I like to think that God gives us dreams a size too big so that we can grow into them. Dreams are something that are personal and often what we want out of life is frequently at odds with what our parents and possibly the community we live in deems as what is right or socially acceptable. How odd must it be for a Muslim girl to do volunteer work, which often means having to travel great distances to see the end of a project, to actually have a mind of her own and dreams she wants to bring into reality? What happens when those dreams are at odd with perception and social beliefs?
I had this discussion with a friend who I consider close enough to be my sister. She is faced with the same tough choices. What we both understand is that our dreams are ours to build upon and bring to life. People may tell you how you should live your life, but in the end, the choice and the consequences are all your own. The very people that passed judgment will not be there to share the fruits of the decision they helped you make. So you might as well make your own choices. Theodore Roosevelt sums it up best saying in any moment of decision the best thing you can do is the right thing, the next best thing is the wrong thing, and the worst, is doing nothing.
Nothing ever comes easy in life and if it did, we would not appreciate its value. It is the hardships in our journey through life that reveal to us where our boundaries lie and also the extent of our levels of judgment. It is also what teaches our biggest lessons and gives us our greatest rewards.
Personally, volunteering brings me a lot of fulfillment in my life. It is the act of giving, of knowing deep down that all that hard work will at some point make a small difference in someone’s life. It means that you cared enough to reach out and do something. Even if it meant getting up early on a Saturday to volunteer with people who actually need your time, appreciate your endless energy and are thankful for your perseverance.

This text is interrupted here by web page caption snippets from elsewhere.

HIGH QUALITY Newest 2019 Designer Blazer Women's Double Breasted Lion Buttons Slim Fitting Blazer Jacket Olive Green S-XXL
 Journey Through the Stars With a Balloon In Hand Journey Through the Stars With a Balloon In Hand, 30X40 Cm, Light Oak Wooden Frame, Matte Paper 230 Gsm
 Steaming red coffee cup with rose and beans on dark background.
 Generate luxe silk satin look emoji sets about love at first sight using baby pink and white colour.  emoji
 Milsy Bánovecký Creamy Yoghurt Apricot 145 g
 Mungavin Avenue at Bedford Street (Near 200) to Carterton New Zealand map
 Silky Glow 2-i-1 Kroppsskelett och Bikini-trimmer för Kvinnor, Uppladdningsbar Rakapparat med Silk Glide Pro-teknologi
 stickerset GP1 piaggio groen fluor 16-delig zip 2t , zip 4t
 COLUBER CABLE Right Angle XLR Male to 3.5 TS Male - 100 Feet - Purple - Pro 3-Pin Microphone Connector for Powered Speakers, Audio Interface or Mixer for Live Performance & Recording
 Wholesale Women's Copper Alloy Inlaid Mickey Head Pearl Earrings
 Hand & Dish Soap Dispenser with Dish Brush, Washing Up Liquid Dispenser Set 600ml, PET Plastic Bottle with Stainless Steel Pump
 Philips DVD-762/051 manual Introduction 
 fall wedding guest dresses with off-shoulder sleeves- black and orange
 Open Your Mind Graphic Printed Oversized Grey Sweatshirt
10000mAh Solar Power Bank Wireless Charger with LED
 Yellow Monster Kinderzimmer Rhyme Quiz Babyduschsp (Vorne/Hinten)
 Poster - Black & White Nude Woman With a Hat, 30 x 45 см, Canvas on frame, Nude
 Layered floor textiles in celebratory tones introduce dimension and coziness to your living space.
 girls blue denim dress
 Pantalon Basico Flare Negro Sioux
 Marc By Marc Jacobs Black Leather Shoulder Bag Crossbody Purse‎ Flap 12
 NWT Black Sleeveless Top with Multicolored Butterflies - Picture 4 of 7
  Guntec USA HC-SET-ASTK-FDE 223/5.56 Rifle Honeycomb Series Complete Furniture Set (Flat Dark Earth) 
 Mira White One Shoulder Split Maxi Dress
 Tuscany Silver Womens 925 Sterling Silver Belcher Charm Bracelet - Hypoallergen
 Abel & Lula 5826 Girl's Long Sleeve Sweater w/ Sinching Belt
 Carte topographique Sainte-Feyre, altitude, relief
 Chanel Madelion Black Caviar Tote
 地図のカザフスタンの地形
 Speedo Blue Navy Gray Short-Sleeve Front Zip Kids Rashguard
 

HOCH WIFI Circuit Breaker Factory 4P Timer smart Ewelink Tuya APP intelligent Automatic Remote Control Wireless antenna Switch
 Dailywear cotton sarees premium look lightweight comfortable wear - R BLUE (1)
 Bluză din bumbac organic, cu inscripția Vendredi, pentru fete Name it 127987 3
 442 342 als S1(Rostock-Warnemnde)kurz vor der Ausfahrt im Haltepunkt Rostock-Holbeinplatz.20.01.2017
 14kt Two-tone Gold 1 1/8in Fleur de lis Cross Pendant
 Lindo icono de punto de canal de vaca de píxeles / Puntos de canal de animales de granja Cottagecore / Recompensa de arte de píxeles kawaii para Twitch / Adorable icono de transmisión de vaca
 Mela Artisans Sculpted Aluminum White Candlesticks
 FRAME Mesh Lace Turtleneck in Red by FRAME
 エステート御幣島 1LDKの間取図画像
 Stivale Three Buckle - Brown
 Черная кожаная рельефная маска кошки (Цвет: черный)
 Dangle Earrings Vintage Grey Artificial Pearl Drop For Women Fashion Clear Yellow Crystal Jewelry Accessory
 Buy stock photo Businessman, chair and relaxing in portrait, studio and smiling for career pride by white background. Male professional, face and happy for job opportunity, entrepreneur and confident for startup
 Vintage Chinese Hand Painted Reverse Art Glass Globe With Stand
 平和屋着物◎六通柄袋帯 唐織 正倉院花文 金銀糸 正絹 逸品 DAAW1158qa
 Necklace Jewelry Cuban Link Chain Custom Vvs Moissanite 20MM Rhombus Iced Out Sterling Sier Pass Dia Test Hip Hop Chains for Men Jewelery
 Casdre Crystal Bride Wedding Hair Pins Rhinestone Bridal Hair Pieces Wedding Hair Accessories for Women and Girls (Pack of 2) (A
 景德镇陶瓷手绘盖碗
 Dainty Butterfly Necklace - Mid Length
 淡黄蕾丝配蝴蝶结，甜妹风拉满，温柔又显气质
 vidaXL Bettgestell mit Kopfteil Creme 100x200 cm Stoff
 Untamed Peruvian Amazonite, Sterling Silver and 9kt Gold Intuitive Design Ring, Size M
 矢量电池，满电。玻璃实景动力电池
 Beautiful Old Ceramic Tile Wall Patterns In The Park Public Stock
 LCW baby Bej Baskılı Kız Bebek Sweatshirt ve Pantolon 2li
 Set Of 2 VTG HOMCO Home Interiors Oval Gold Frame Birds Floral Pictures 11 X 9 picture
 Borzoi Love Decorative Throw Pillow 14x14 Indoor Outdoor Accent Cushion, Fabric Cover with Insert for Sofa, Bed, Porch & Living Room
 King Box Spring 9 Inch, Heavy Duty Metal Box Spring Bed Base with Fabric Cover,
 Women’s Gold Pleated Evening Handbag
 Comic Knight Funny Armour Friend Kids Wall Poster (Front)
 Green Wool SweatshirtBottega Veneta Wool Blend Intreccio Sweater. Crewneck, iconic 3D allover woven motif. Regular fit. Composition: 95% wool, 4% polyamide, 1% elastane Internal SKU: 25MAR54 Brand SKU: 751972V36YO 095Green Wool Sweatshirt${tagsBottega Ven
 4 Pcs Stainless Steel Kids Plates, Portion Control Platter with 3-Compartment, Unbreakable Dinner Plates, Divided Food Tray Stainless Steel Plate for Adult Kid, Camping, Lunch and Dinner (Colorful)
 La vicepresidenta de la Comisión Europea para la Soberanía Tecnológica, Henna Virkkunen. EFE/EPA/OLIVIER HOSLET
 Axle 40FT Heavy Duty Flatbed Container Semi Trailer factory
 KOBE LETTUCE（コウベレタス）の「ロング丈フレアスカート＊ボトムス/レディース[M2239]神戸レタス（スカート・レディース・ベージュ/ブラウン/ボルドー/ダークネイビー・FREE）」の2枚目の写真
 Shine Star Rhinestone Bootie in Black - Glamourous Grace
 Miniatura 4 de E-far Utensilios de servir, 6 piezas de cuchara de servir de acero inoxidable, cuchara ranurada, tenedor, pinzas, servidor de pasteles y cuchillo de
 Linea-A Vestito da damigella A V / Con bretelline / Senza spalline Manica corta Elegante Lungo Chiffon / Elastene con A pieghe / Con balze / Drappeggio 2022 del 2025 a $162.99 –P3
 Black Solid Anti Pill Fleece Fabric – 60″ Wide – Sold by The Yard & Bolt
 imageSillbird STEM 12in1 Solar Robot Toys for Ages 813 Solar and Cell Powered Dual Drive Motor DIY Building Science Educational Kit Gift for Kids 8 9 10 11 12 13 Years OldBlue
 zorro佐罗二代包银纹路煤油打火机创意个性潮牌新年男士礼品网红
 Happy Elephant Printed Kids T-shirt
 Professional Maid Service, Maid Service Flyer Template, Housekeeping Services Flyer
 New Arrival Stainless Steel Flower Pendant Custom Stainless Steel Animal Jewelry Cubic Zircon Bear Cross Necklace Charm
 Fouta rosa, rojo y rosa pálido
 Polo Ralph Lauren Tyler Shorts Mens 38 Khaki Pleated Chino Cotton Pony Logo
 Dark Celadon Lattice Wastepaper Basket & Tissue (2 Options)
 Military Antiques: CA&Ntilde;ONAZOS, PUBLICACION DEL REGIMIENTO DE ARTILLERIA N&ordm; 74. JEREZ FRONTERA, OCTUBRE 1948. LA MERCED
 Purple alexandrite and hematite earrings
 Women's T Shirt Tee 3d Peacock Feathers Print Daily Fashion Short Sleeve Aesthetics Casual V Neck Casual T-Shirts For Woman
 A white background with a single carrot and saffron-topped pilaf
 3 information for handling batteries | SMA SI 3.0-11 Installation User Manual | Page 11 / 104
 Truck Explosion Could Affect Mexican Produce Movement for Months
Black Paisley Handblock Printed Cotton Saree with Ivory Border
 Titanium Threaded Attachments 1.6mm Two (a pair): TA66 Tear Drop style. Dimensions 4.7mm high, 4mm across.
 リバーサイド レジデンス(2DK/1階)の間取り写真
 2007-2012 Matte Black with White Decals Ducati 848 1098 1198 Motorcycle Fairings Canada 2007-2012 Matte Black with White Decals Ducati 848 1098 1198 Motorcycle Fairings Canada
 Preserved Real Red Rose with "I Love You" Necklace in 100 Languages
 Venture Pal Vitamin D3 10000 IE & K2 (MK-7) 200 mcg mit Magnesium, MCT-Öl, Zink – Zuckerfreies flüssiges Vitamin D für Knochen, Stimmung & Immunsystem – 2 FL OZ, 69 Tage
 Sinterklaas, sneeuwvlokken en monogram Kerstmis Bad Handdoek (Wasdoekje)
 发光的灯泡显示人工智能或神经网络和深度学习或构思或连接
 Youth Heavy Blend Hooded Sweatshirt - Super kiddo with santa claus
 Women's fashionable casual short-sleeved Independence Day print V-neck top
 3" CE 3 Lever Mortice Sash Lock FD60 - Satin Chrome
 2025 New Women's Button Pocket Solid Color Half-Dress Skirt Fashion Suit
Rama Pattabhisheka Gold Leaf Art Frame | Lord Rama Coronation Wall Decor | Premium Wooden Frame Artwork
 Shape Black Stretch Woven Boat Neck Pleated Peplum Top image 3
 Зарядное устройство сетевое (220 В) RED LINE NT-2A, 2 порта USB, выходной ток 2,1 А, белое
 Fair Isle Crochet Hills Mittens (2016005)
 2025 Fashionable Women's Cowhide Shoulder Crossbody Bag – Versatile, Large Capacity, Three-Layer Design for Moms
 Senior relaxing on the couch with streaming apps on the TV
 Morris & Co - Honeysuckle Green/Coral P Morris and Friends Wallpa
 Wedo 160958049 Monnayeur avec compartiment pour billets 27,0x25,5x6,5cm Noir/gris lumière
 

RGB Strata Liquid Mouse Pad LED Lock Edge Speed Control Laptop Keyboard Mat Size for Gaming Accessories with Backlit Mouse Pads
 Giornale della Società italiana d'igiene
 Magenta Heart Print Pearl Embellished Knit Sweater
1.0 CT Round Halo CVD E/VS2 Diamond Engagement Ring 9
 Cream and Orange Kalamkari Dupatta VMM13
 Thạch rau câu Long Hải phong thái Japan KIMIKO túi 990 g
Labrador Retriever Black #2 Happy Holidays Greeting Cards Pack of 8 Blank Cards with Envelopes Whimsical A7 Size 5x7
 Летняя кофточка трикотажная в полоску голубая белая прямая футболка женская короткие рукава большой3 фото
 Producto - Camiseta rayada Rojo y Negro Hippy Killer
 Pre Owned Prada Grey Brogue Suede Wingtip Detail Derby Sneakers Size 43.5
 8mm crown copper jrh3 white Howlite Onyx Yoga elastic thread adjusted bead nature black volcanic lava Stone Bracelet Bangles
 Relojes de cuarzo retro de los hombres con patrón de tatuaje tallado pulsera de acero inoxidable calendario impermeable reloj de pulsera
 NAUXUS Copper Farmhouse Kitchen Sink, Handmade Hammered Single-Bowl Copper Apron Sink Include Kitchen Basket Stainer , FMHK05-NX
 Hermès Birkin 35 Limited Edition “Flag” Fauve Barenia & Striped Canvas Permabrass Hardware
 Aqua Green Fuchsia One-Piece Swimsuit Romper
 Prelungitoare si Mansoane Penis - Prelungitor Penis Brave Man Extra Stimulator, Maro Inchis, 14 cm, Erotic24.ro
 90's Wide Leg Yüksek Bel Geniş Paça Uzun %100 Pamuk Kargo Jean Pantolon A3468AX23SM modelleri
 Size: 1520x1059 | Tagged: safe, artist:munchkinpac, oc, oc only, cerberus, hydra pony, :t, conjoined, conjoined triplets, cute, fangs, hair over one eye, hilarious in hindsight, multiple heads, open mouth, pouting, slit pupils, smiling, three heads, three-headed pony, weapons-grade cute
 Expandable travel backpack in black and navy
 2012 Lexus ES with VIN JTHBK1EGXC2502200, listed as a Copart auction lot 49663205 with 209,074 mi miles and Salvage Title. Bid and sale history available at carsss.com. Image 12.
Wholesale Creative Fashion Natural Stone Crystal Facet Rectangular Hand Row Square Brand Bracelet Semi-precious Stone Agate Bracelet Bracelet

Those little choices we make, followed by action is what makes our dreams come to life. No matter what people think or say, you know that following your dreams, made your life richer with the lessons learned and experiences earned. Veronica A. Shoffstall, one of my favorite poets writes in her poem “After a While” of how important it is to “plant your own garden and decorate your own soul, instead of waiting for someone to bring you flowers.” That is what I hope my best friend takes from life, that no matter what you do in life, never stop dreaming.